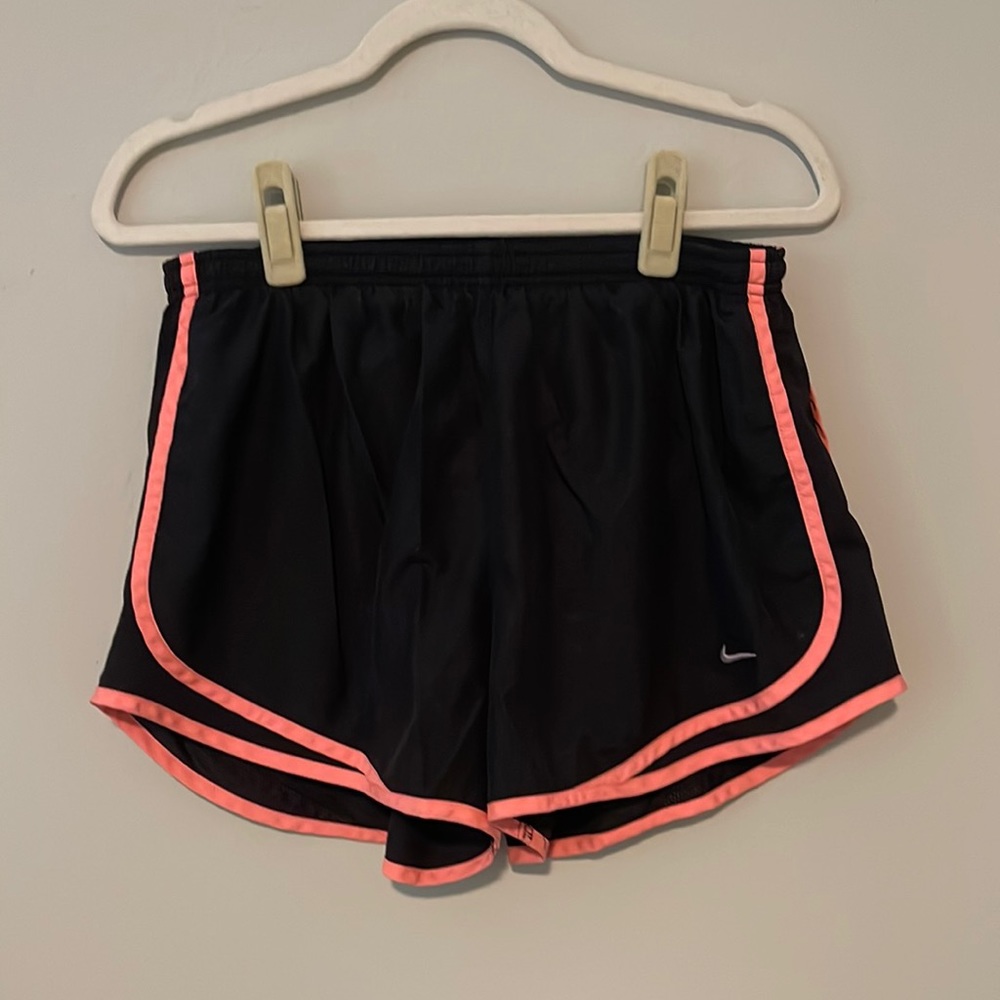 Nike Shorts Black with Coral Outline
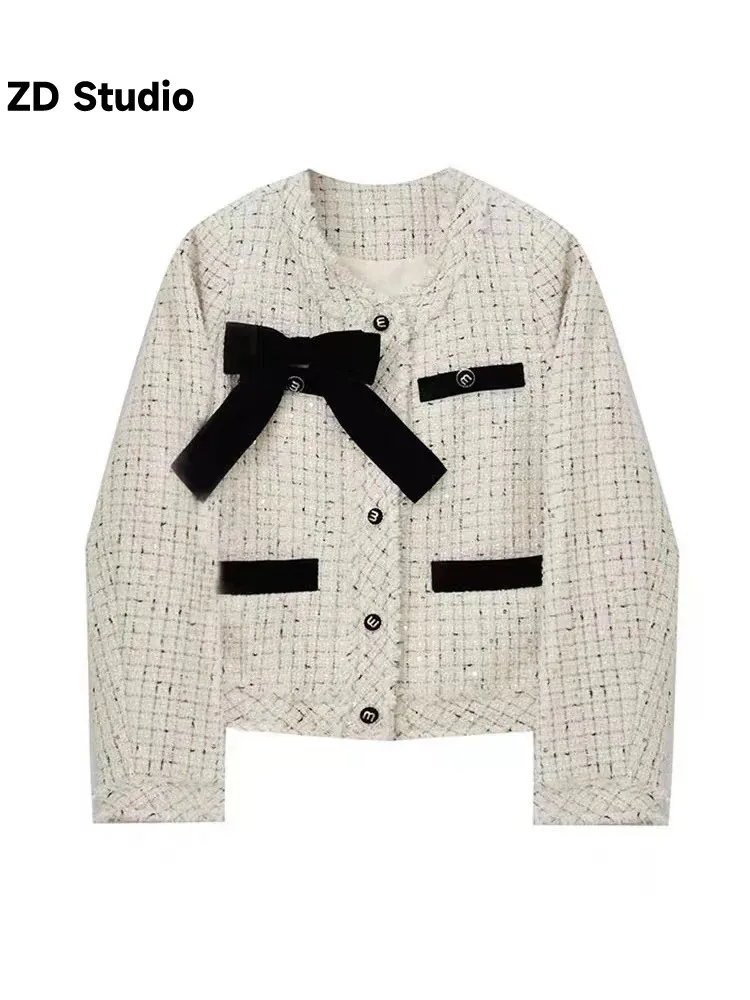 

[ZD Studio] Detachable Bow Small Fragrant Coat For Women's 2023 Spring New High End Sense Celebrity Temperament Top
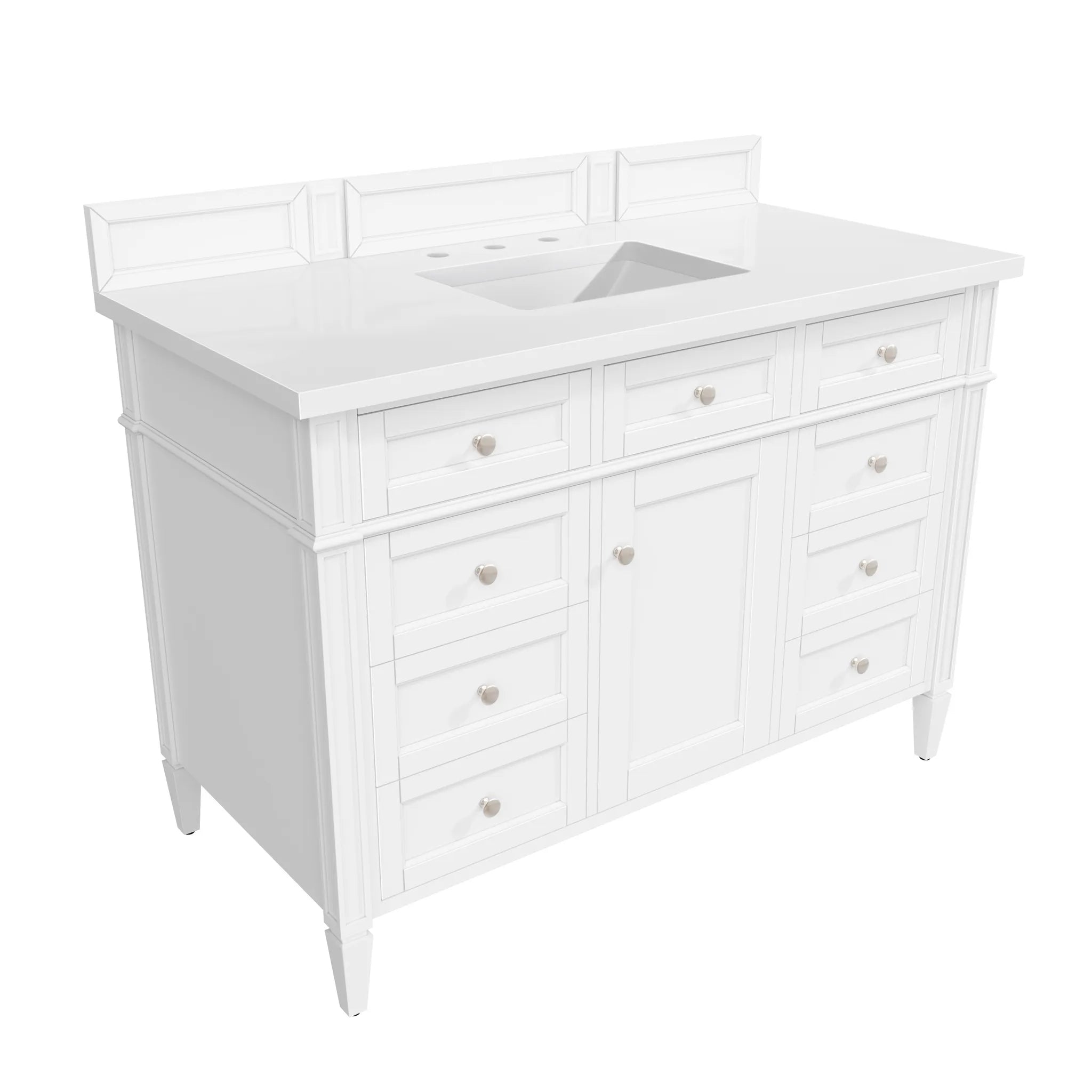 48" Brittany Single Vanity in Bright White-White Zeus Silestone-8" Widespread image 1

________

WORK TO COMPLETE: Write out the data word for word. Any picture is to be skipped.

RESPONSE BOX:
 Nike Shorts Black with Coral Outline

[ZD Studio] Detachable Bow Small Fragrant Coat For Women's 2023 Spring New High End Sense Celebrity Temperament Top
 48" Brittany Single Vanity in Bright White-White Zeus Silestone-8" Widespread image 1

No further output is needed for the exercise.